_EXERCISE DESCRIPTION_:
From the line that contains "Osiris Proprete Enghien Les Bains" to the last line of the data below, transcribe every line exactly. Do not include the pictures.

### ENTRIES PROVIDED ###

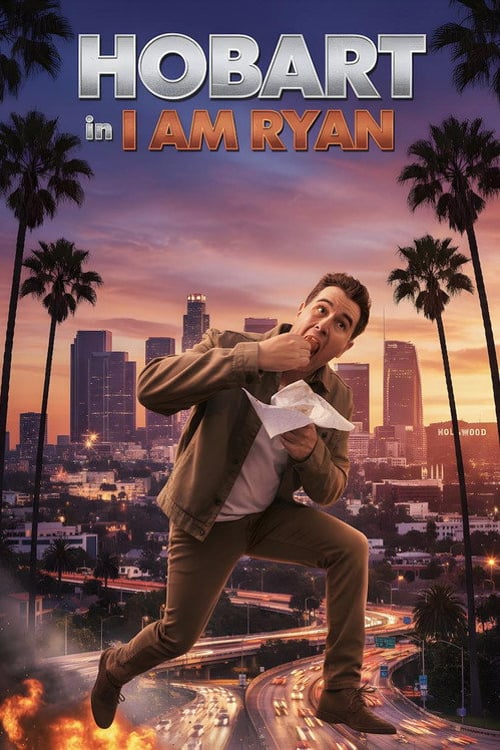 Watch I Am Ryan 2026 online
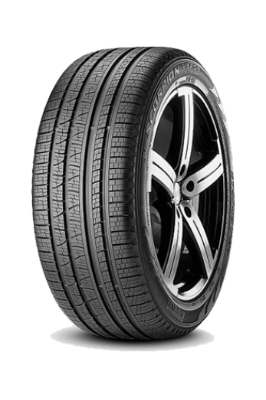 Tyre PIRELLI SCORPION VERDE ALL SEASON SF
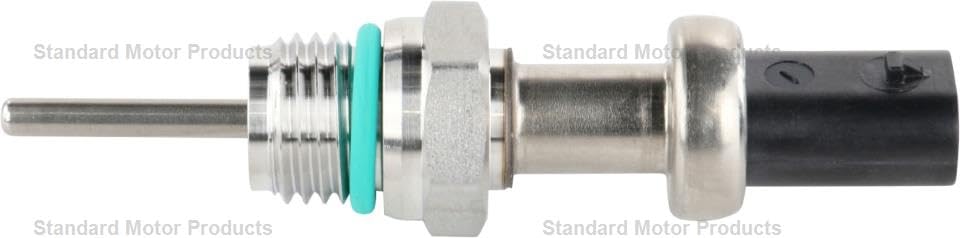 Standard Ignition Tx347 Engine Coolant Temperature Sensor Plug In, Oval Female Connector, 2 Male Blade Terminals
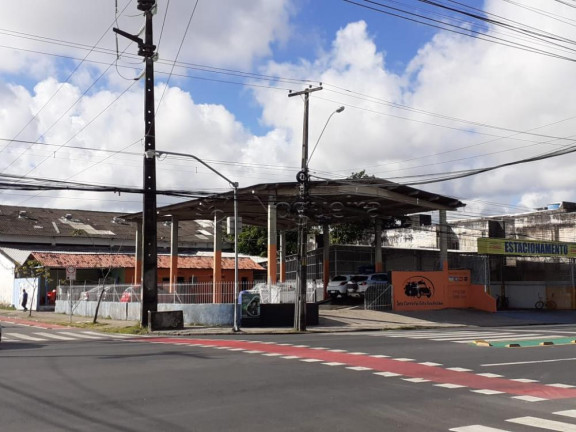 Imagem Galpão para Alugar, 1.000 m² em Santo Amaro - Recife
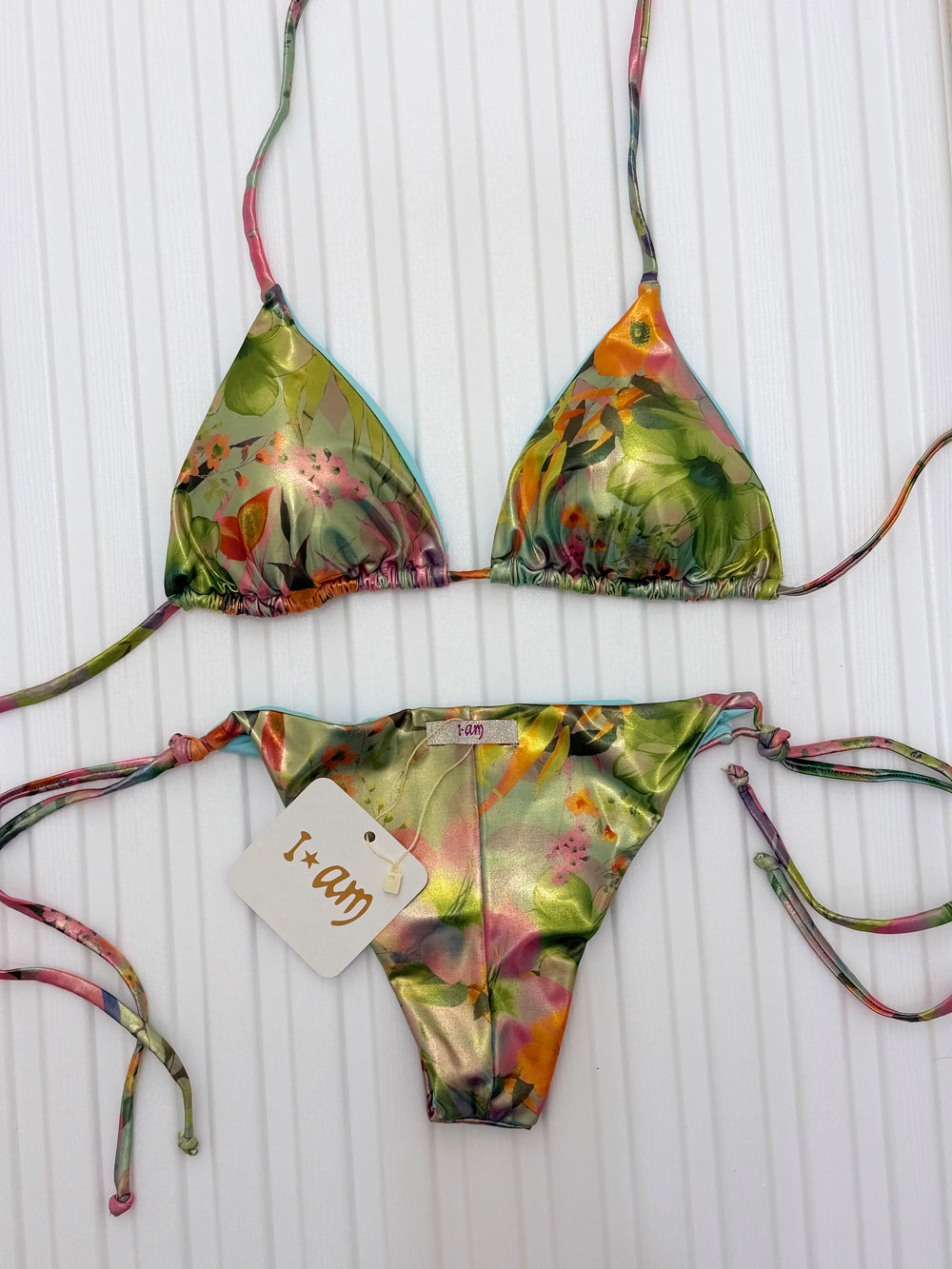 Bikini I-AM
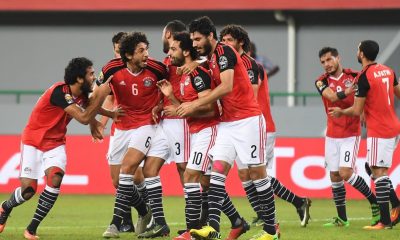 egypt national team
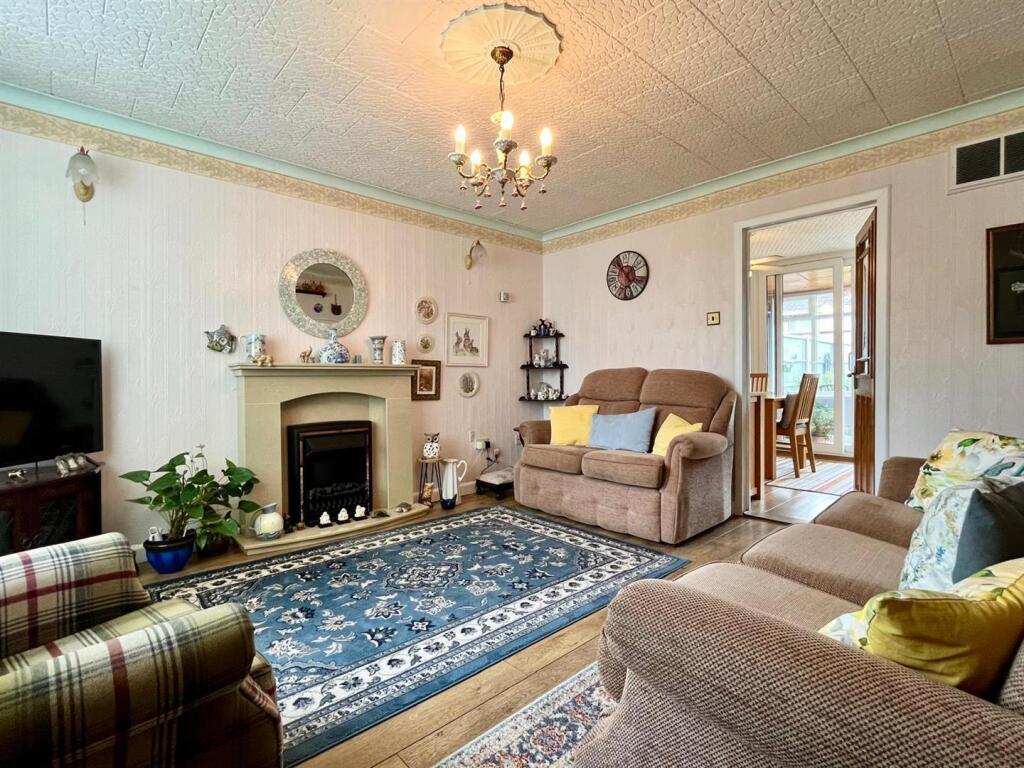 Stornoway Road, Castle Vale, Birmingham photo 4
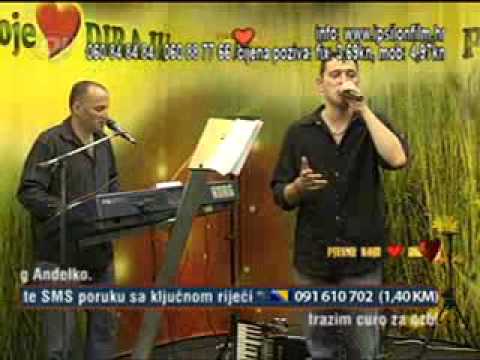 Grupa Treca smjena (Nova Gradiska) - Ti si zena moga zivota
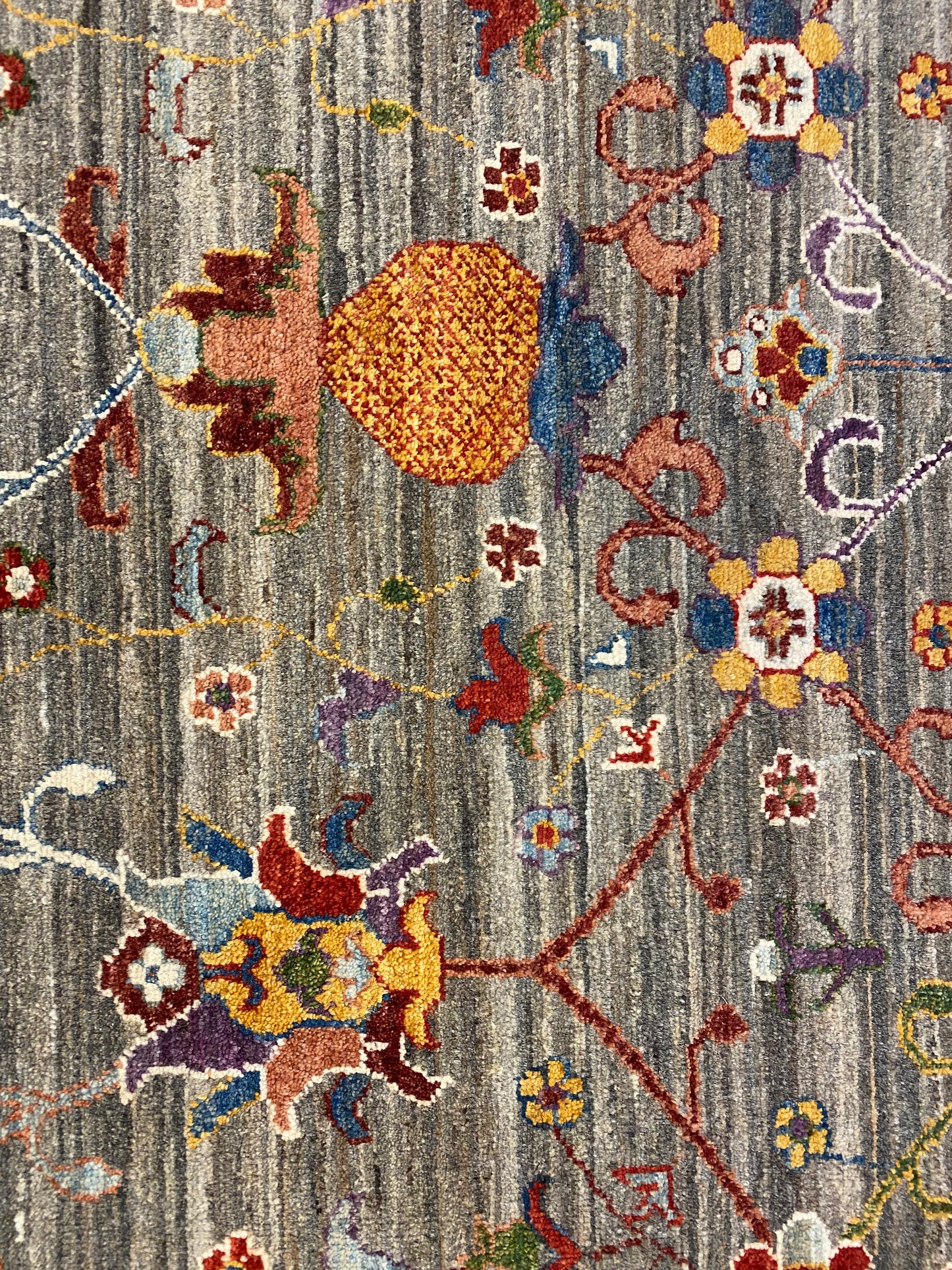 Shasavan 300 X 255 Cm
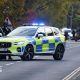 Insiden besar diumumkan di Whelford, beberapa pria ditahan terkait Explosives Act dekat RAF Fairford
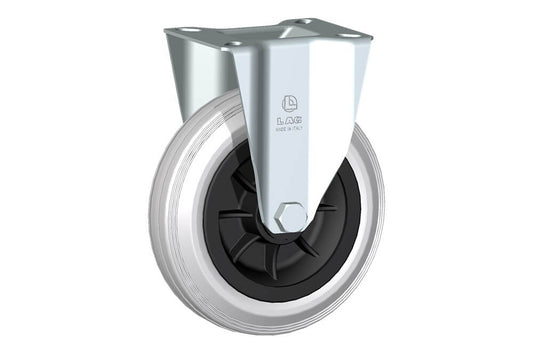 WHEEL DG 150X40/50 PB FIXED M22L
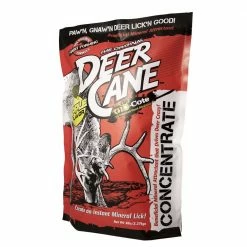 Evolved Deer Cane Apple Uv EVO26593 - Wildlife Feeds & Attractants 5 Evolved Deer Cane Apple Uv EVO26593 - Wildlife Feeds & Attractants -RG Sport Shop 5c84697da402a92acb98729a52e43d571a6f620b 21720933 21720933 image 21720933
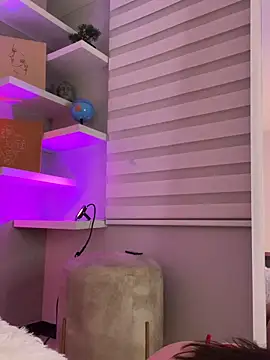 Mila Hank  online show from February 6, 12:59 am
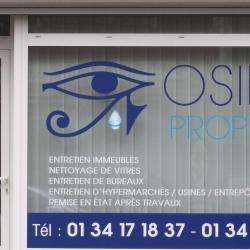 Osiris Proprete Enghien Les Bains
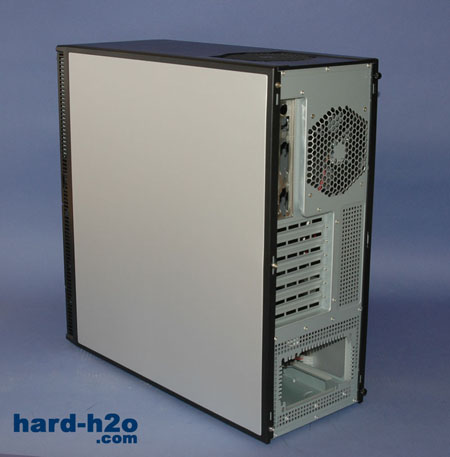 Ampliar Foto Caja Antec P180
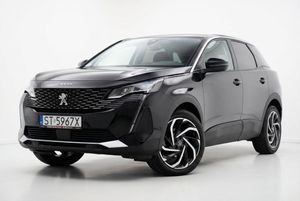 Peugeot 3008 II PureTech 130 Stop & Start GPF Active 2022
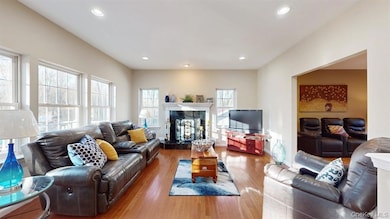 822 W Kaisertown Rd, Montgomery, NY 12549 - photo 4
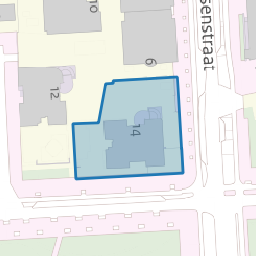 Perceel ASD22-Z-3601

###

_WORKED SOLUTION_:
 Osiris Proprete Enghien Les Bains
 Ampliar Foto Caja Antec P180
 Peugeot 3008 II PureTech 130 Stop & Start GPF Active 2022
 822 W Kaisertown Rd, Montgomery, NY 12549 - photo 4
 Perceel ASD22-Z-3601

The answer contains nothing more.